Elle aime passionnément ses enfants, en particulier sa fille, dont les sentiments ne paraissent pas répondre aux siens: elle déborde d'affection tendre et de douleur sincère.
Elle est également très attachée à ses amis: malgré leur disgrâce,
elle n'abandonne ni Pomponne, ni Fouquet, ni le cardinal de Retz.
Si elle montre tant d'indifférence pour les paysans révoltés de Bretagne ou les victimes des dragonnades, tant d'insensibilité lors du procès de la Brinvilliers (lettre du 17 juillet 1676) ou de la Voisin (lettre du 23 février 1680), c'est qu'elle partage les préjugés du temps.
Aux qualités du cœur, la marquise joint celles de l'esprit. La vie mondaine qu'elle mène ne l'empêche pas de songer aux grandes questions: à la vieillesse qui vient (lettre du 27 janvier 1677), à la brièveté de la vie (lettre du 3 avril 1681), à la mort prochaine (lettre du 16 mars 1682).
Elle trouve le temps de lire beaucoup et, si elle se plaît aux romans héroïques de Mademoiselle de Scudéry et de La Calprenède ou aux petits vers de Voiture, elle préfère les écrivains profonds et vigoureux: les Latins comme Virgile et Tacite, qu'elle lit «dans la majesté du texte»; les Italiens comme Le Tasse; saint Augustin, Montaigne; Corneille, qu'elle juge supérieur à Racine au point de se montrer injuste envers celui-ci (lettre du 16 mars 1672).
Mais elle reviendra plus tard à une appréciation plus exacte de notre grand tragique, après la représentation d'Esther (lettre du 21 février 1689).
Elle «court en Bourdaloue», «qui frappe comme un sourd»; elle aime Molière et La Fontaine, qu'elle apprécie avec finesse (lettre du 29 avril 1671).

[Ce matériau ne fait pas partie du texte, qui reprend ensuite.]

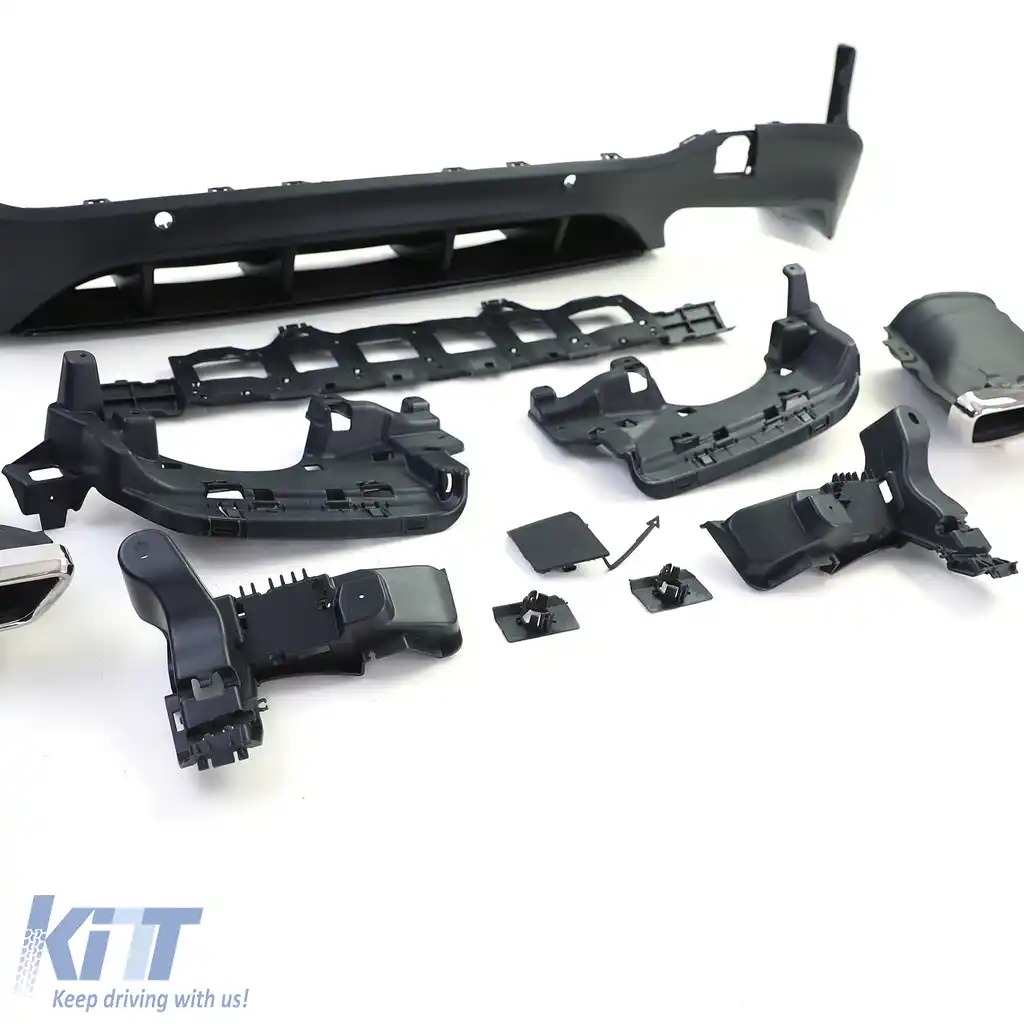 Difuzor sportiv spate cu tevi de eșapament cromate, potrivit pentru Mercedes GLC X253 SUV 15-19-image-6202812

Car - sentiment rare à son époque -
elle comprend la nature comme La Fontaine, elle goûte les charmes de la campagne, comme le montrent ses lettres sur la prairie et les faneurs (22 juillet 1671), le parc des Rochers (29 septembre 1675), les arbres du Buron (27 mai 1680), le printemps aux Rochers (10 avril 1690).